# what new rod/reel should I get!!?



## mischif (Jul 14, 2006)

So, I wasn't going to make a post/thread about the purchase I will be making here in a week or 2 but I am bored and I thought why not! So pretty much I need a new combo, it will mostly be used for jig/worm/spinnerbait status. I think that something with a 6 gear ratio is what I want because I feel that a 7 is just too much of a burner for me. For my reel I want to spend around 80-150 and the rod around the 80-120 area. Also, what line do you think I should use for this setup? I was thinking maybe some kind of flouro, but I don't know what lb test I should use on a baitcaster since all I have used on baitcasters is mono/braid. I have been looking at plenty of different setups but I will not say anything just so I can see what others would recommend.

Any input is greatly appreciated, and if you don't want to say anything then that's fine too!


----------



## young-gun21 (Mar 14, 2006)

I would go with an Abu Garcia Veritas (7' mh) and an Abu Garcia Revo SX (on sale at Tackle Warehouse). As far as line, for jigs/worms/spinnerbaits, I would say 14# fluorocarbon will do the trick. 

Sent from my htc EVO 4G


----------



## Tokugawa (Apr 29, 2008)

I choose FC by diameter - not rating. For those techniques, a .013" or .014" diameter line is good. Go Sunline. Cheap FC is heartbreak waiting to happen.

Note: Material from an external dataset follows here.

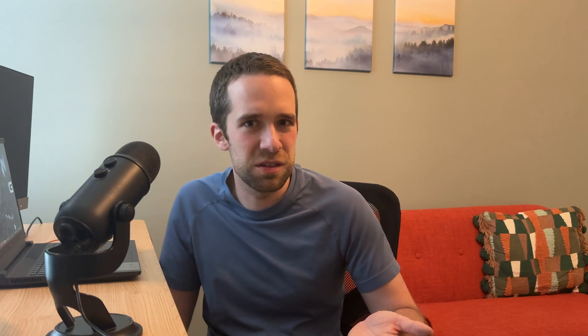Let's look at the documentation — I highly recommend that anyone who's going to try this out utilize it, as it's really well done. Going through the example they provide, they work with the publicly available California housing dataset, where there are 20,640 blocks of houses across California, and the outcome variable is the natural log of the median home price on that block. There are eight different features: median income, house age, average number of rooms and bedrooms, population, average number of household members in the block, and the block's average latitude and longitude.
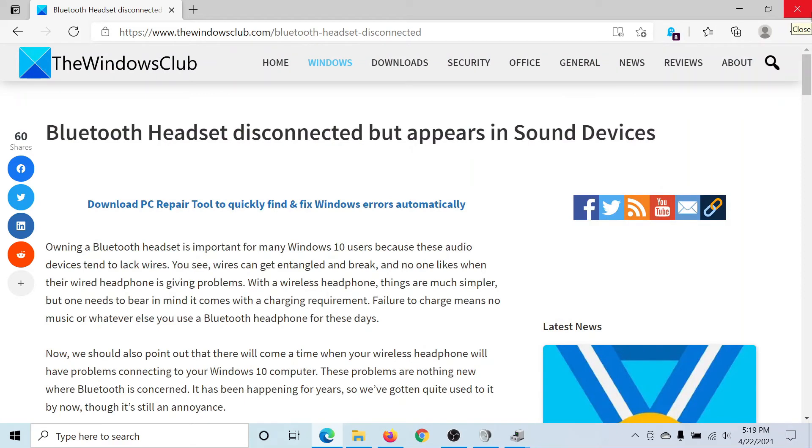Isn't this easy and interesting? If you have any doubts, please go to the original article on the Windows Club, scroll down to the comment section, and write your query. We will surely answer it. Do not forget to subscribe to the channel. Thank you for watching this video and have a nice day.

Good luck on your rod/reel selection.


----------



## mischif (Jul 14, 2006)

Tokugawa said:


> I choose FC by diameter - not rating. For those techniques, a .013" or .014" diameter line is good. Go Sunline. Cheap FC is heartbreak waiting to happen.
> 
> Good luck on your rod/reel selection.


thanks for the input, I almost always use bass pro shops XPS FC nowadays, I fell in love with that line. I have never used sunline before though.


----------



## Burks (Jun 22, 2011)

young-gun21 said:


> I would go with an Abu Garcia Veritas (7' mh) and an Abu Garcia Revo SX (on sale at Tackle Warehouse). As far as line, for jigs/worms/spinnerbaits, I would say 14# fluorocarbon will do the trick.
> 
> Sent from my htc EVO 4G


The exact combo I just bought a couple weeks ago. Haven't used it yet since I'm still messing around with my Black Max combo. Can't wait though, looks and feels sweet.

I've heard awesome things about the new Abu Garcia rods.


----------



## JShort (Sep 16, 2011)

Go with a Shimano curado and I'm not sure what rod. If you can find the Curado E it is better but the G is good as well. I wouldn't get the veritas rod though, I've heard the eyes are really soft and it isn't that great.


----------



## stak45dx1 (Jun 21, 2011)

Last time I was at fin feather fur in middle burg they had curado e's at full price... I have one and it's super smooth, I also have a Garcia vendetta and veritas, they are really nice rods, on the veritas I have a revo s, you can get that online for 99,99. That one is only slightly behind my curado as my favorite reel.


----------



## Silent Mike (Aug 9, 2009)

lews tournament MG is a great baitcast....bought a lefty last month and i love it, and its $129 at gander i believe


----------



## mischif (Jul 14, 2006)

i think im going to go with the lews tournament pro that is 199. It has gotten great reviews, and the rod I am most likely getting is a abu garcia veritas. The rod will be around 7' 2" and medium heavy


----------